Previous studies have shown that juvenile or adult exposure to polychlorinated biphenyls (PCBs) induces alterations in reproductive functions (e.g., reduced fertilization rate) and behavior (e.g., reduced nest maintenance) in fish. Embryonic exposures to other endocrine disrupting chemicals have been reported to induce long-term reproductive toxicity in fish. However, the effects of embryonic exposure to PCBs or their metabolites, OH-PCBs, on long-term reproductive function in fish are unknown. In the present study, we used the marine medaka fish (Oryzias melastigma) as a model to assess the reproductive endpoints in response to embryonic exposure to either PCB 28 or 4’-OH-PCB 65. Our results showed that the sex ratio of marine medaka was feminized by exposure to 4’-OH-PCB 65. Fecundity was decreased in the medaka treated with either PCB 28 or 4’-OH-PCB 65, whereas the medaka from embryonic exposure to 4’-OH-PCB 65 additionally exhibited reduced fertilization and a reduction in the hatching success rate of offspring, as well as decreased sperm motility.

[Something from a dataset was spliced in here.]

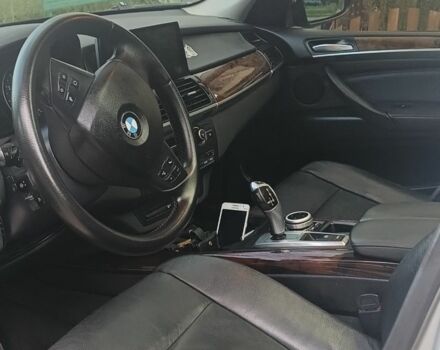 Серый БМВ Х5, объемом двигателя 3 л и пробегом 350 тыс. км за 269 $, фото 15 на Automoto.ua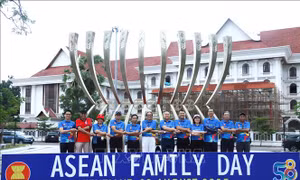 Vun đắp tình hữu nghị dưới mái nhà chung ASEAN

Serum 11-KT concentrations were reduced in the PCB 28-treated medaka, and serum estradiol (E2)/testosterone (T) and E2/11-ketotestosterone (11-KT) ratios were decreased in the 4’-OH-PCB 65-treated medaka. To explain these observations at the molecular level, transcriptomic analysis of the gonads was performed. Bioinformatic analysis using Gene Ontology and Ingenuity Pathway Analysis revealed that genes involved in various pathways potentially involved in reproductive functions (e.g., steroid metabolism and cholesterol homeostasis) were differentially expressed in the testes and ovaries of either PCB- or OH-PCB-treated medaka. Thus, the long-term reproductive toxicity in fish due to embryonic exposure to PCB or OH-PCB should be considered for environmental risk assessment.